ECLI:NL:RBNHO:2020:10662

Rechtbank Noord-Holland

Datum uitspraak
4 november 2020
Publicatiedatum
15 december 2020
Zaaknummer
8370097 CV EXPL 20-2269
Instantie
Rechtbank Noord-Holland
Type
Uitspraak
Rechtsgebied
Civiel recht; Arbeidsrecht
Procedures
  • Op tegenspraak
Vindplaatsen
  • Rechtspraak.nl
AI samenvatting door LexboostAutomatisch gegenereerd

Vernietiging arbeidsovereenkomst wegens dwaling niet rechtsgeldig

In deze zaak heeft de kantonrechter te Haarlem geoordeeld over de rechtsgeldigheid van de vernietiging van een arbeidsovereenkomst door de werkgever, Hoogvliet B.V., op grond van dwaling. De werkneemster, die in dienst was als aankomend kassamedewerker, had zich ziek gemeld met rugklachten en werd later ontslagen. Hoogvliet stelde dat de werkneemster tijdens de sollicitatie had moeten melden dat zij structureel arbeidsongeschikt was, wat zij niet had gedaan. De werkneemster betwistte dit en vorderde dat de kantonrechter zou verklaren dat de vernietiging van de arbeidsovereenkomst niet rechtsgeldig was.

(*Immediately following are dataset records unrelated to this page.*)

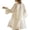 White, variant on Women's Satin Kimono Robes Feather Trim Long Sleeve Lightweight Breathable Silk Robes Fashion Pure Elegant Bridal Party Bridesmaid Robes Knee Length Sleepwear Pink M
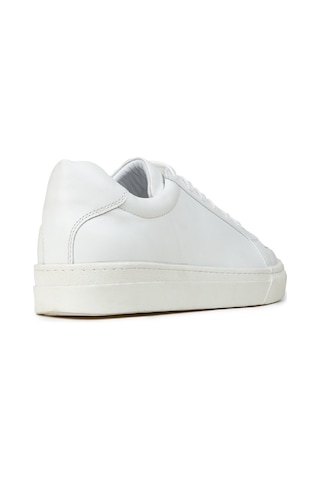 Deery Erkek Hakiki Deri Beyaz Sneaker Ayakkabı - 02018mbyzc01 Beyaz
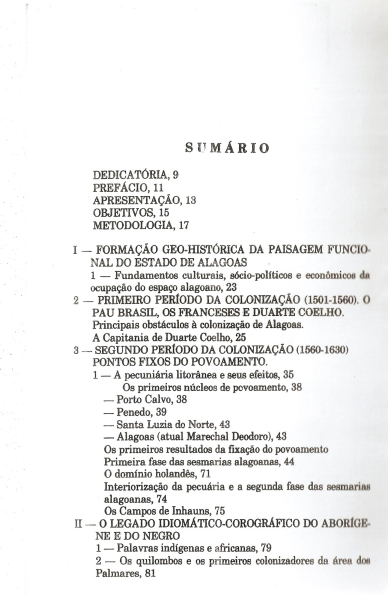 Livro: Ocupação espacial do Estado de Alagoas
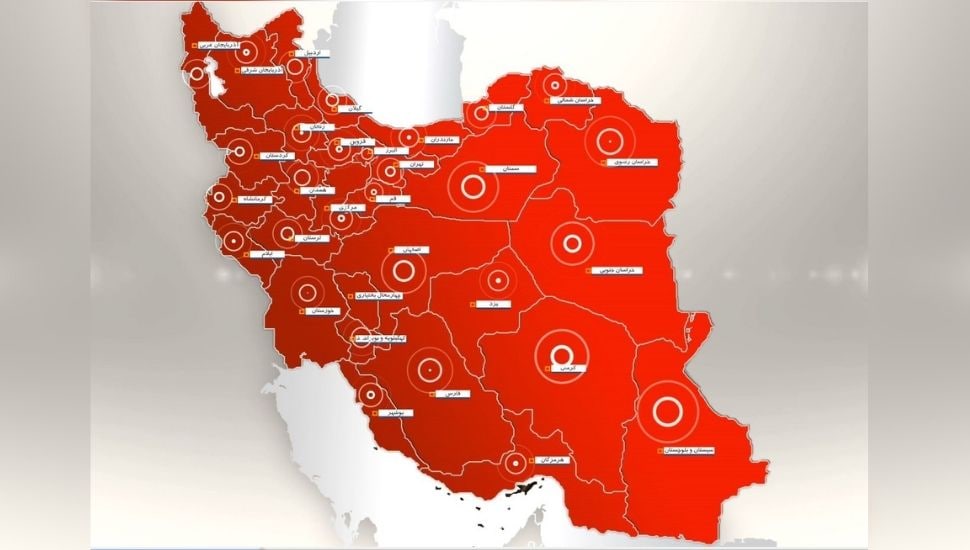 مجاهدي خلق انتشار الانتفاضة في 146 مدينة وعدد الشهداء 180 والمعتقلين 8000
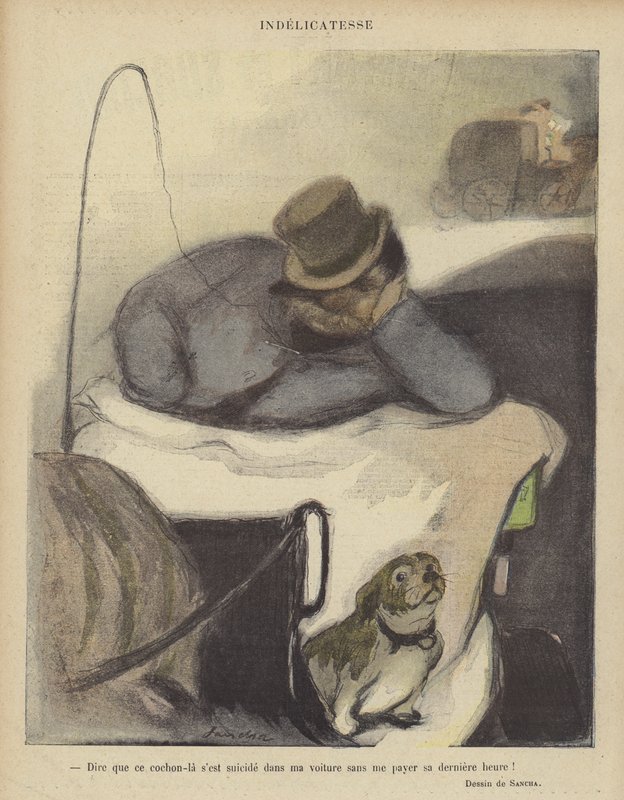 Ilustrace pro Le Rire od Francisco Sancha y Lengo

De kantonrechter oordeelde dat Hoogvliet de arbeidsovereenkomst niet rechtsgeldig had vernietigd. De rechter stelde vast dat de werkneemster ten tijde van de sollicitatie niet over voldoende informatie beschikte om te begrijpen dat haar rugklachten haar ongeschikt maakten voor de functie. De kantonrechter wees erop dat de werkneemster op basis van haar eerdere ervaringen in de horeca niet had hoeven begrijpen dat zij ongeschikt was voor het kassawerk. De vordering van de werkneemster werd toegewezen, en Hoogvliet werd veroordeeld in de proceskosten.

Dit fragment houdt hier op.